The objective of this pilot study, conducted within the University of Milano-Bicocca, was to design, implement, and validate a software pipeline for the acquisition and processing of raw inertial data, aimed at supporting the clinician’s assessment and monitoring of upper limb movements in a supervised setting.
To validate the pipeline, an experimental protocol was defined which involved the acquisition of data from 24 healthy subjects using 3 Inertial Measurement Units (IMUs) sensors, integrating accelerometers, gyroscopes, and magnetometers. These sensors were placed on the shoulder, arm and wrist. Subjects were instructed to perform 10 functional tasks both correctly and by simulating specific motor deficits (slowness, reduced range of motion, and tremor), which were previously discussed with rehabilitation experts.
Results showed that the pipeline works well in detecting the simulated anomalous movements, correctly discriminating the quality of an execution and suggesting that the selected metrics could be a reliable tool in real scenarios. Particularly, automatic feature selection retained mainly accelerometers, with a combination of axes depending on the task, placed only on the wrist and the arm. While the sensor on the shoulder was limited in variance, its exclusion contrasts with pathological subjects’ distinctive compensatory strategies, which involve a specific kinematic of the shoulder that was not replicated by experiment participants, and that will be considered in future developments.
This work created the basis for an objective assessment tool and prepared the way for future steps.
To support the development and validation of the monitoring pipeline, a multicentric acquisition campaign was conducted on healthy participants across all the involved clinical and research sites, including the University of Milano-Bicocca, Polytechnic University of Bari, and University of Foggia. Overall, data were collected from 39 healthy subjects.
Each participant was involved in a three-week monitoring period during which a wearable device was continuously used for physiological data acquisition. The first week was dedicated to the calibration of the device on each individual subject, while data collected during the following two weeks were considered for subsequent analyses.
In addition to the physiological monitoring, each participant underwent a single kinematic assessment session designed to replicate the same acquisition protocol adopted for patients. During this session, participants used the robotic rehabilitation device to perform the two exercises adopted as benchmarking tasks for patients’ kinematic evaluation. Moreover, they performed the four functional tasks acquired using Xsens inertial sensors, executing four repetitions of each task with both upper limbs, consistently with the patient monitoring protocol.

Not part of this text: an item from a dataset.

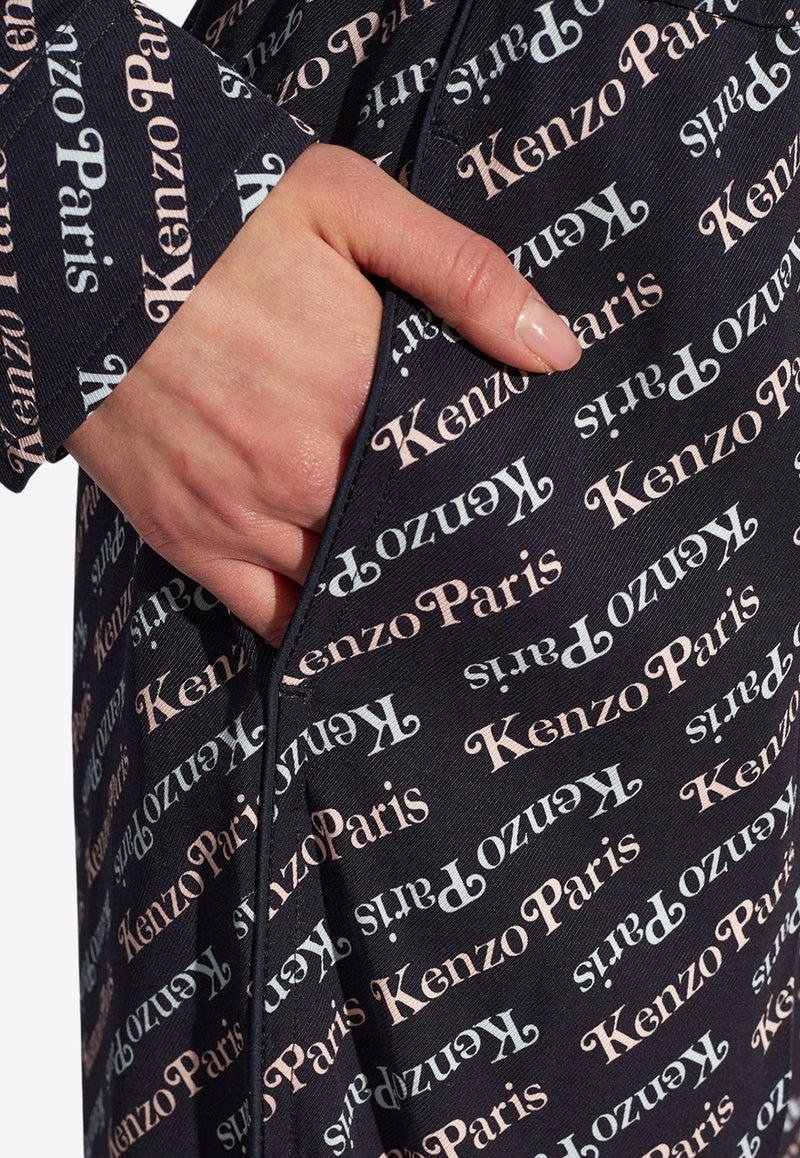 Verdy Logo Print Pajama Pants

The acquisition of reference data from healthy subjects is aimed at providing a normative baseline for the interpretation of patients’ physiological and kinematic patterns. This reference cohort will support the identification of relevant physiological and kinematic features, contribute to the management of potential missing data, and enable a more reliable longitudinal interpretation of patient evolution throughout the six-month follow-up phase of the project.